For zinc flake, Xylan/PTFE and phosphating, pretreatment is not a cosmetic step. It directly affects corrosion, adhesion and wear behaviour.
Blasting profile and cleanliness
Shot blasting can create profile for adhesion. Glass bead blasting can clean and satin-finish surfaces with lower aggression. The correct process depends on the coating system and substrate.
Too little profile may reduce adhesion. Too much profile can increase coating consumption, roughen the finish or damage dimensions.
Timing after preparation
Freshly blasted steel can flash-rust quickly in humid conditions. Prepared parts should not be left in open humid air for extended periods before coating. Handling should prevent fingerprints, oil transfer and dust pickup.
If parts arrive blasted by the customer, the time gap, storage condition and contamination risk should be disclosed.
Incoming condition matters
Heavy oil, paint, silicone, rubber residue, weld scale, heat tint or old coating may need additional processing. Customers should not assume the standard coating price includes removal of every unknown contaminant.
For repeat jobs, defining incoming condition improves quality and quotation accuracy.
Practical conclusion
Surface preparation is the foundation of coating performance. The coating is only as good as the surface it bonds to.
How buyers should use this guide in an RFQ
For a technically complete coating RFQ, the customer should provide the drawing, material, quantity, current surface condition, required coating system, thickness or coating-mass expectation, salt spray target, masking requirement and packaging expectation. For zinc flake, Xylan/PTFE and phosphating work, route selection cannot be separated from geometry, surface preparation and post-coating handling.
If the part has threads, internal drives, blind holes, seal faces, bores or close-tolerance assembly zones, those areas should be marked before sampling. Coating build-up, retained coating, masking witness marks and post-curing handling must be accepted or corrected during sample approval rather than after bulk production.
Common avoidable rejection causes
- Approving corrosion performance without checking actual assembly, torque, thread fitment or bore clearance.
- Using ordinary cardboard or recycled paper directly against zinc-based coatings during humid storage.
- Bulk-packing Xylan/PTFE or zinc flake parts so that sharp edges and threads abrade the coating during transport.
- Leaving freshly blasted steel exposed before coating, causing flash rust or surface contamination.
- Treating salt spray hours as a universal field-life guarantee without considering storage, handling and exposure conditions.

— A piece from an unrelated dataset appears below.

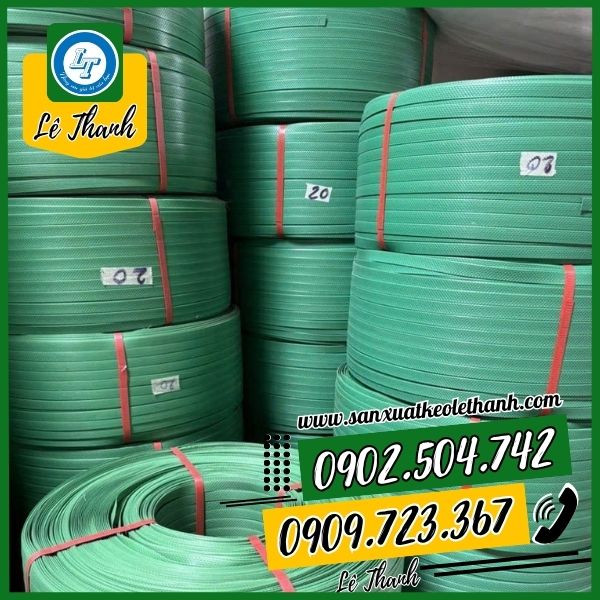 Dây đai đan giỏ màu xanh Dây đai đan giỏ màu xanh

Documentation and approval discipline
For controlled coating work, approval should include coating route, surface preparation method, number of coats, curing condition, measurement method, visual standard and packaging method. If the customer later changes part geometry, incoming condition, dispatch packing, storage duration or fitment requirement, the approved coating route should be revalidated before production continuation.